> _What the task asks_
Output the entries word for word. Omit images.

> _Given records_
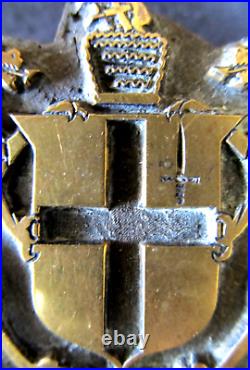 Matrice sceau tampon Armoiries de LONDRES Circa XIXe siècle ou avant bronze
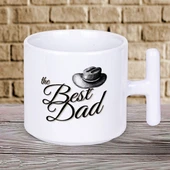 The Best Dad Yazılı Babalar Günü T Kupa Bardak - 1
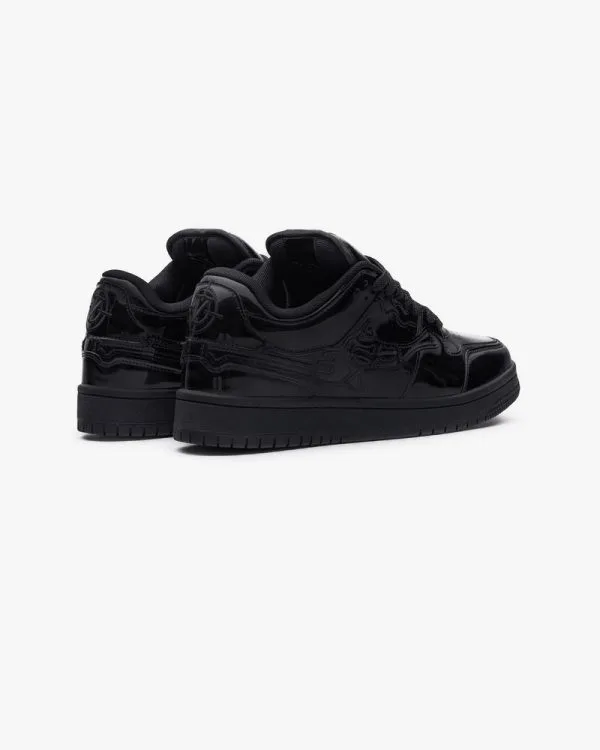 AKIMBO LOWS "GLOSSY BLACK" - Sneakers & Slides - streetwear Avenue Wear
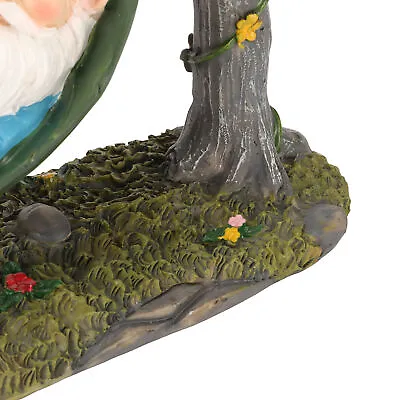 Hammock Gnome Statue Hand Painted Resin E Funny Garden Gnome Statue Deco FIG • £39.04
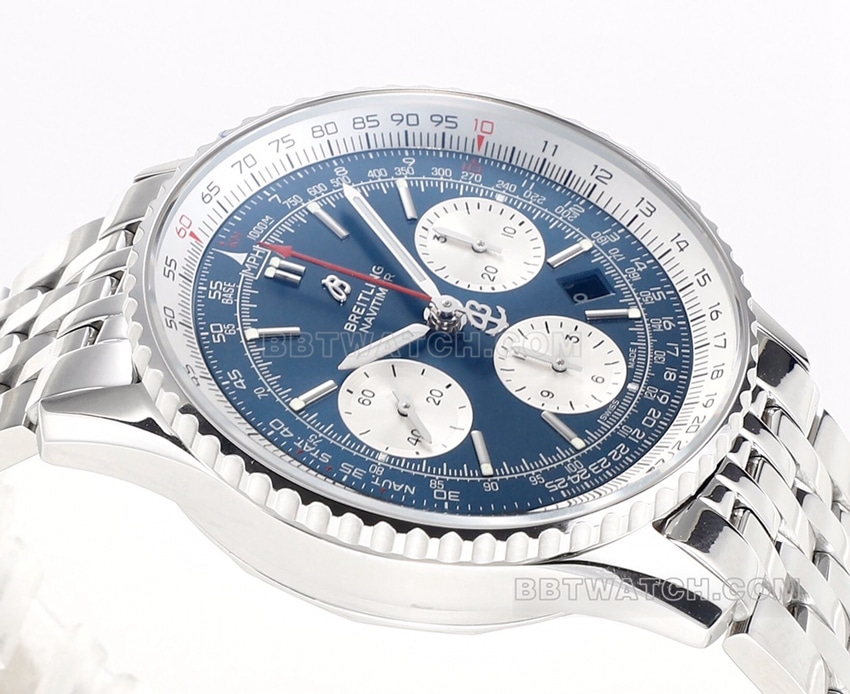 BLS factory Breitling aviation chronograph1:1super watch blue dialAB0127211C1A1front live photo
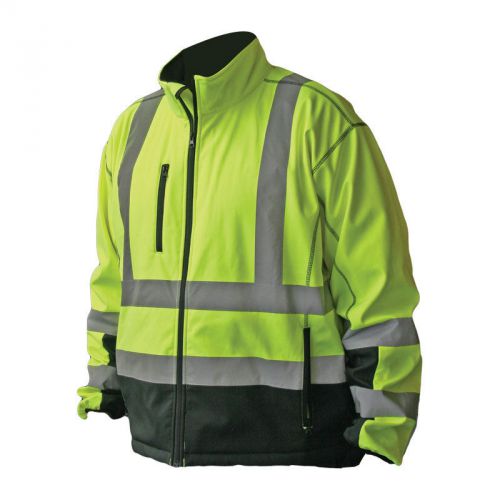 Hi-vis premium soft shell jacket ,meets ansi/isea 107-2010 class 3 standards for sale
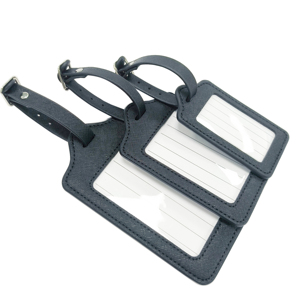 맞춤형 여행용 수하물 태그, PU 소재로 제작된 스트랩과 주소 카드가 있는 인조 가죽 ID 라벨 - Product Image 4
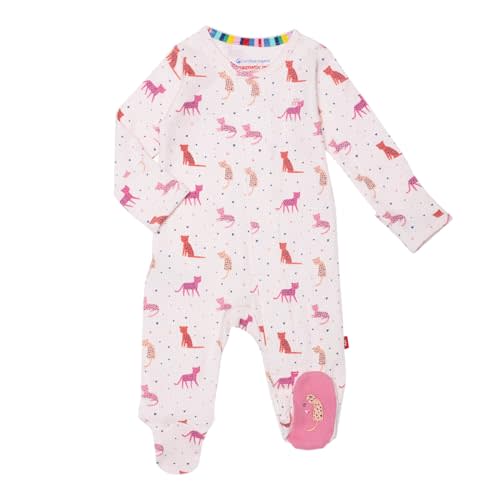 Magnetic Me 100% Organic Cotton Magnetic Baby Footie Pajamas | Super Soft Organic Cotton Fabric | Available in PRE - 24M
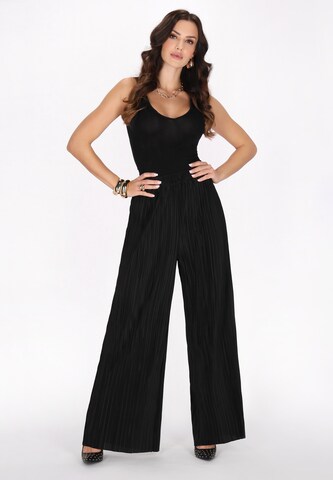 faina Loosefit Broek in Zwart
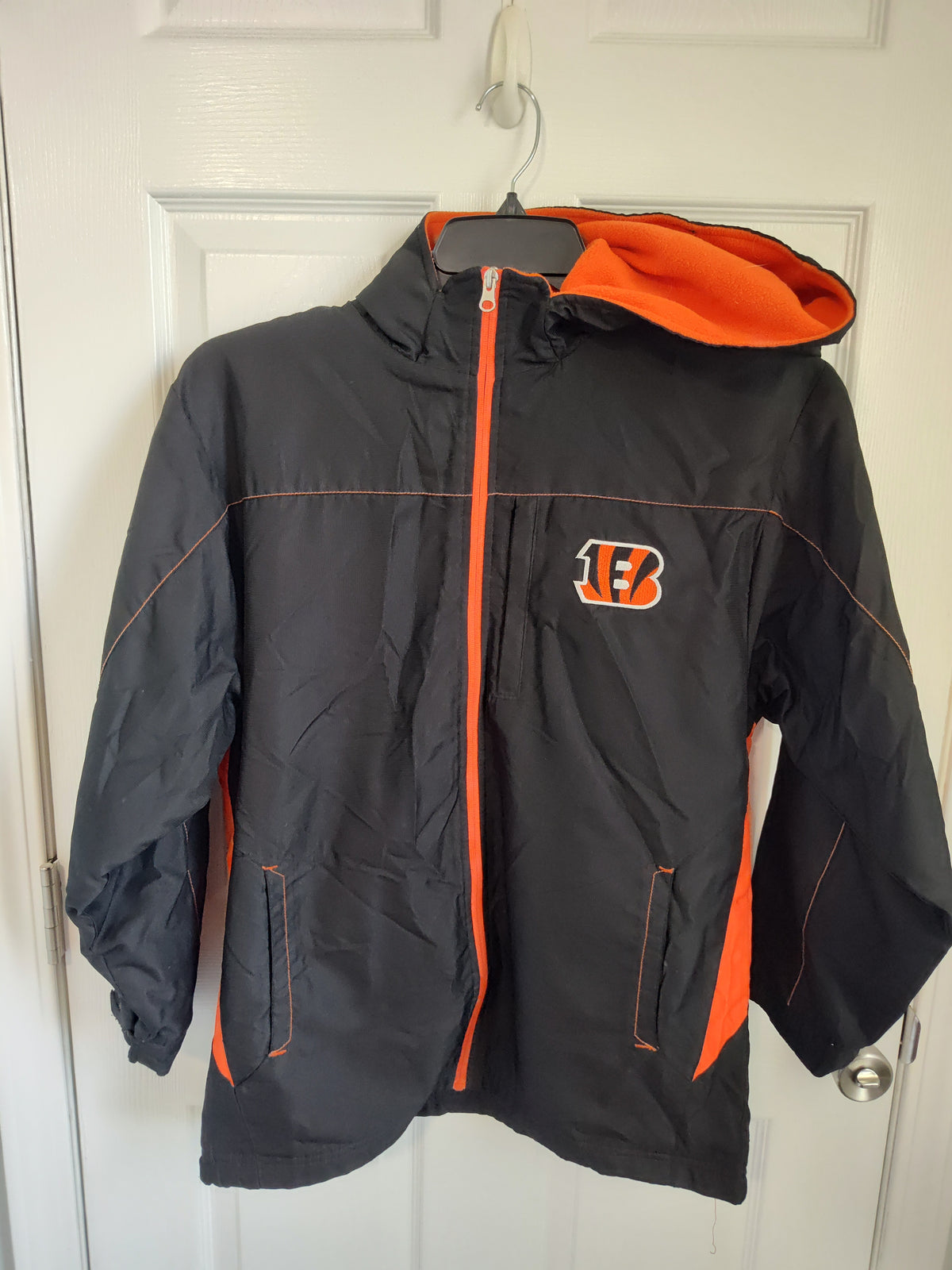 Seller 189:  Reebok On Field Bengals Coat (lined inside) boys size 14/16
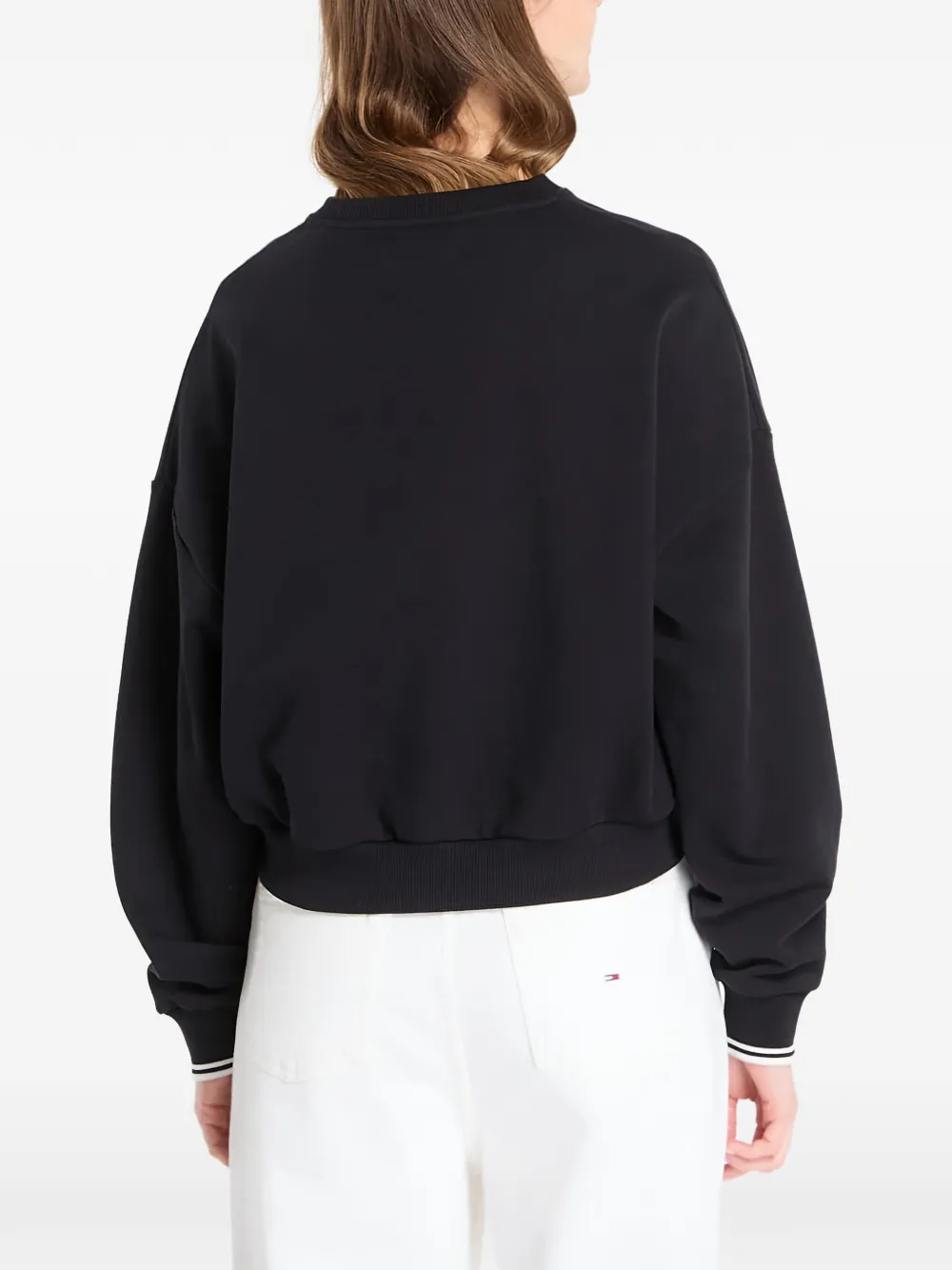  Fred Perry Crew-neck Sweater - Black 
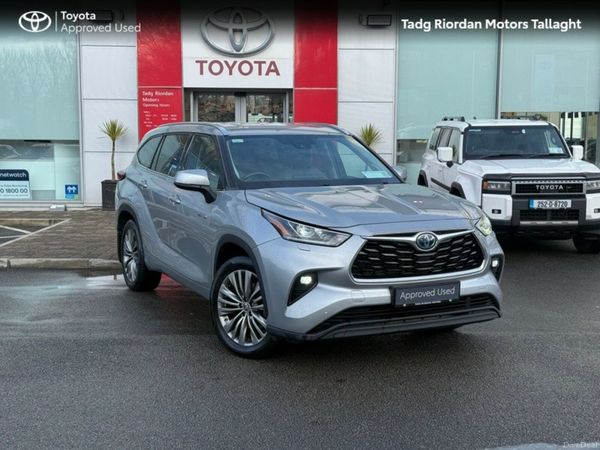 Toyota Highlander Estate, Petrol Hybrid, 2022, Silver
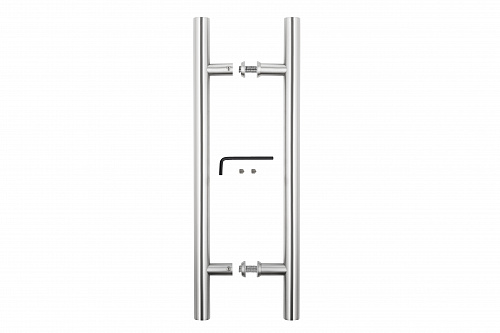 Дверная ручка-скоба PH-2200/32/825/1000/INOX/M8*140  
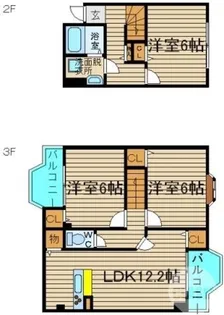 アルティエーレ・セラB棟【2階】の間取り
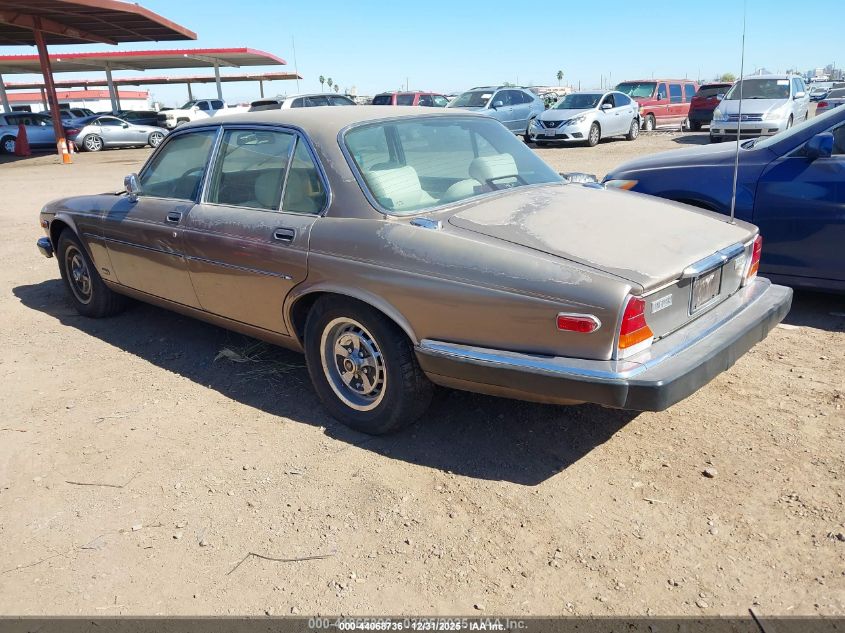1986 Jaguar Xj6 Vanden Plas
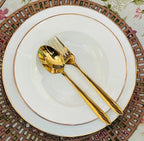Golden Elegance Plate Set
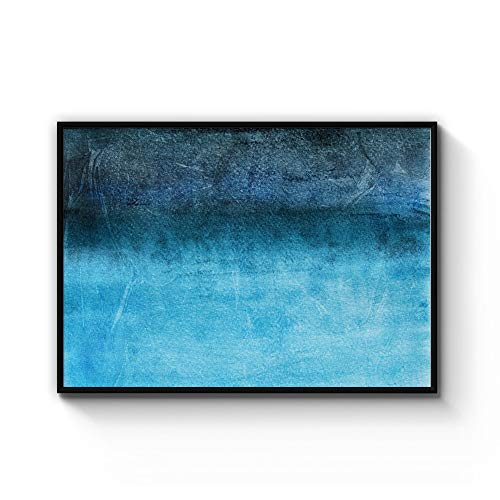 Teal Ink Wall Art Print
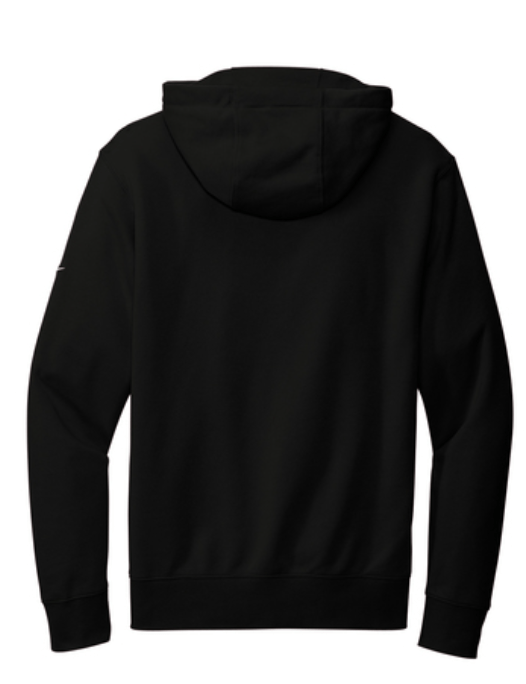 Custom Apparel - Screen Printing - Okemos Wolves - Adult Unisex Black Embroidered Nike Full Zip Hoodie - Okemos Public Schools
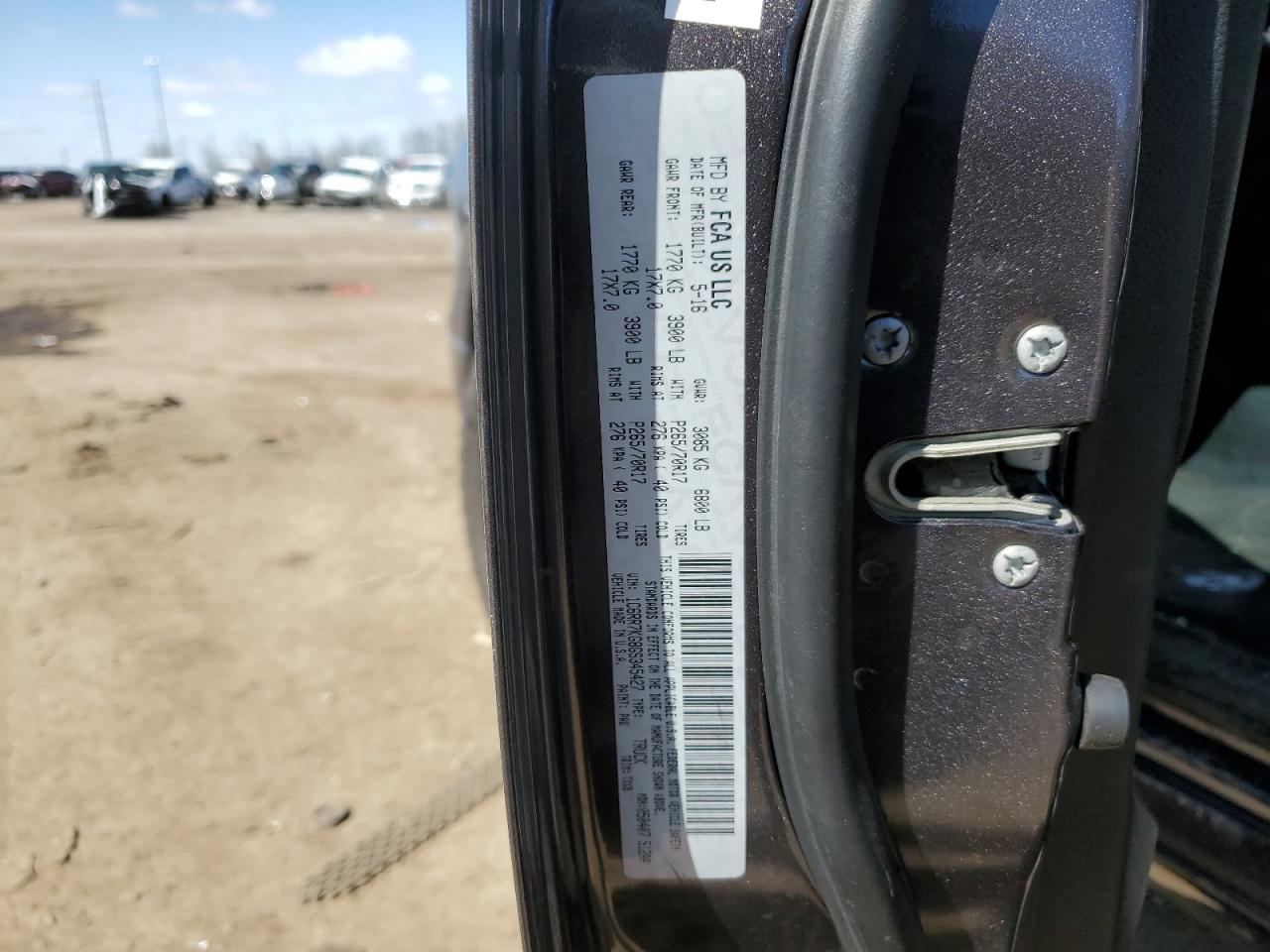 2016 Ram 1500 St VIN: 1C6RR7KG8GS345427 Lot: 52315745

> _Result for this exercise_
 Matrice sceau tampon Armoiries de LONDRES Circa XIXe siècle ou avant bronze
 The Best Dad Yazılı Babalar Günü T Kupa Bardak - 1
 AKIMBO LOWS "GLOSSY BLACK" - Sneakers & Slides - streetwear Avenue Wear
 Hammock Gnome Statue Hand Painted Resin E Funny Garden Gnome Statue Deco FIG • £39.04
 BLS factory Breitling aviation chronograph1:1super watch blue dialAB0127211C1A1front live photo
 Hi-vis premium soft shell jacket ,meets ansi/isea 107-2010 class 3 standards for sale
 맞춤형 여행용 수하물 태그, PU 소재로 제작된 스트랩과 주소 카드가 있는 인조 가죽 ID 라벨 - Product Image 4
 Magnetic Me 100% Organic Cotton Magnetic Baby Footie Pajamas | Super Soft Organic Cotton Fabric | Available in PRE - 24M
 faina Loosefit Broek in Zwart
 Seller 189:  Reebok On Field Bengals Coat (lined inside) boys size 14/16
  Fred Perry Crew-neck Sweater - Black 
 Toyota Highlander Estate, Petrol Hybrid, 2022, Silver
 Дверная ручка-скоба PH-2200/32/825/1000/INOX/M8*140  
 アルティエーレ・セラB棟【2階】の間取り
1986 Jaguar Xj6 Vanden Plas
Golden Elegance Plate Set
 Teal Ink Wall Art Print
 Custom Apparel - Screen Printing - Okemos Wolves - Adult Unisex Black Embroidered Nike Full Zip Hoodie - Okemos Public Schools
 2016 Ram 1500 St VIN: 1C6RR7KG8GS345427 Lot: 52315745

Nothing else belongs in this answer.